[Opening Source data section]

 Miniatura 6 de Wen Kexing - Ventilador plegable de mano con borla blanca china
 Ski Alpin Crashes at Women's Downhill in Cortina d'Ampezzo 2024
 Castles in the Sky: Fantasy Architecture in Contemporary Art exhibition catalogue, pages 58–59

[Closing Source data section]
[Opening Source data section]

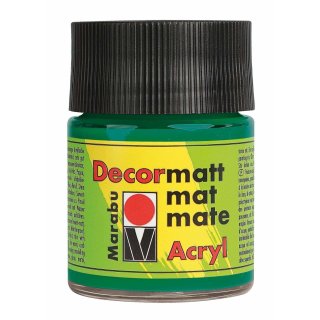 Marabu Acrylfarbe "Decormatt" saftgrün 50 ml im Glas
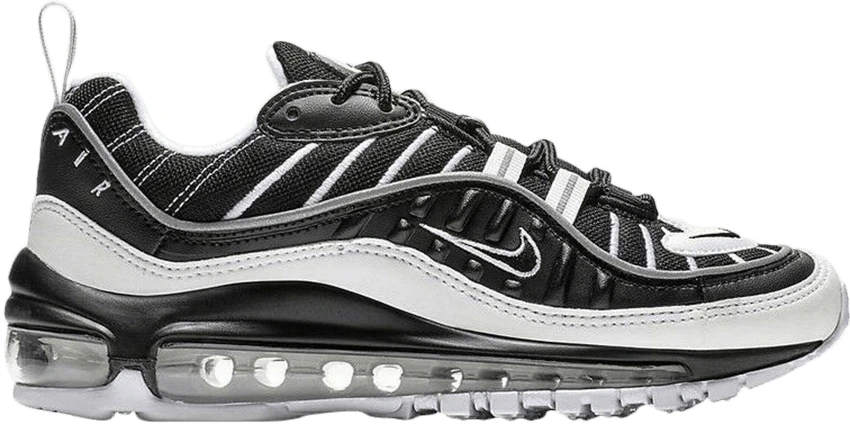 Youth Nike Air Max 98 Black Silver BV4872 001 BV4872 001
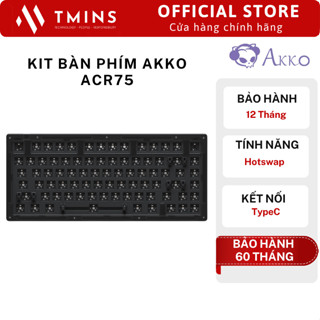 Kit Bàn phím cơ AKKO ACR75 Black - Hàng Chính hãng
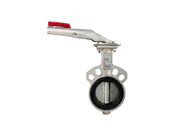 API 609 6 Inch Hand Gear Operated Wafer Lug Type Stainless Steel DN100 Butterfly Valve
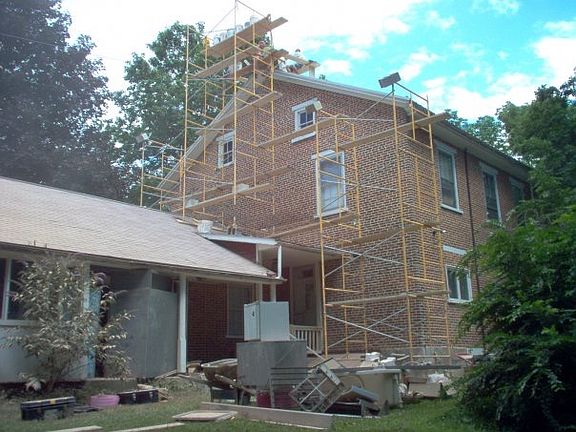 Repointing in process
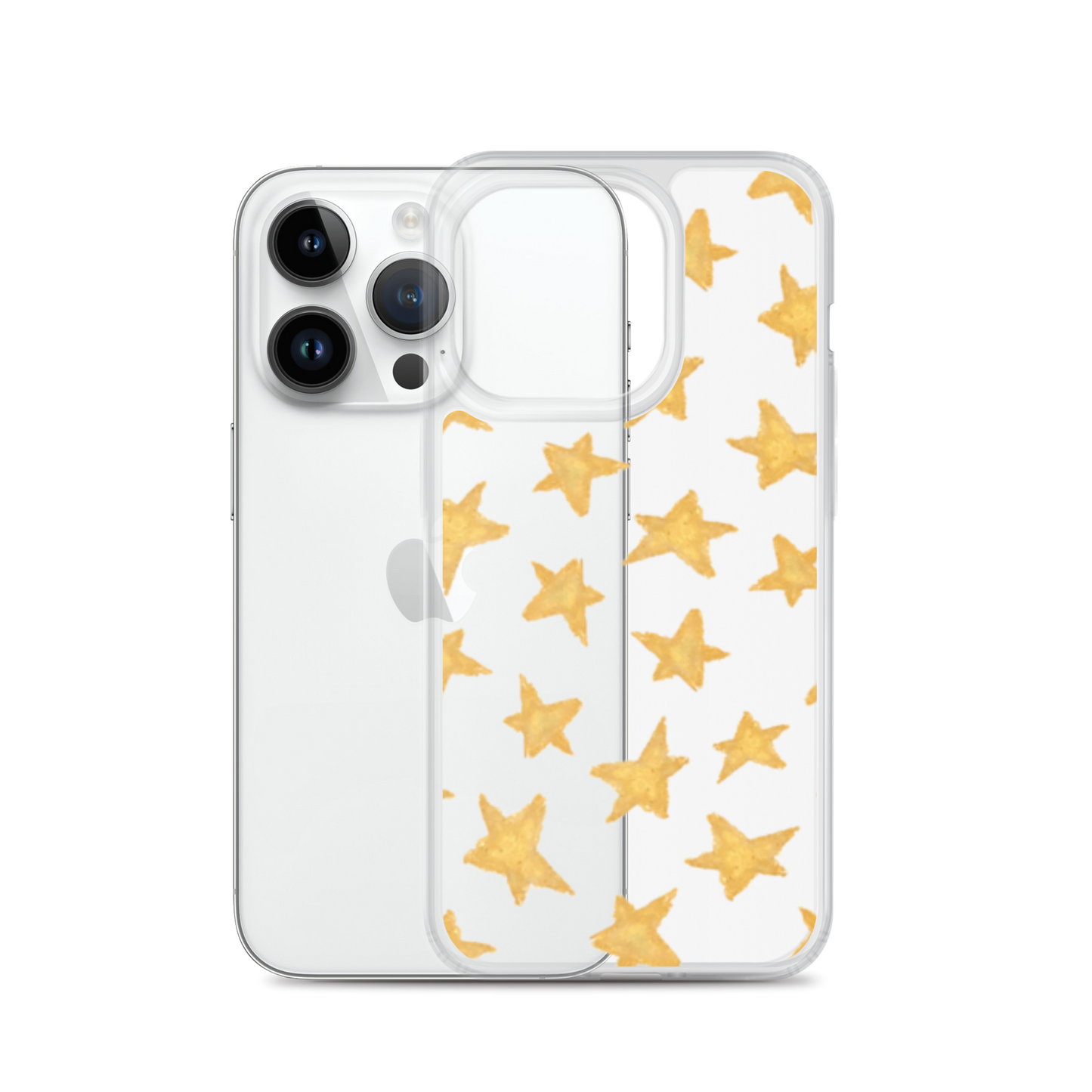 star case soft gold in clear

[Closing Source data section]

• _Exercise instructions_
Above are the records. Print exactly, and only, the lines from the line with "Miniatura 6 de" to the line with "Castles in the", both inclusive.

• _Solution below_
 Miniatura 6 de Wen Kexing - Ventilador plegable de mano con borla blanca china
 Ski Alpin Crashes at Women's Downhill in Cortina d'Ampezzo 2024
 Castles in the Sky: Fantasy Architecture in Contemporary Art exhibition catalogue, pages 58–59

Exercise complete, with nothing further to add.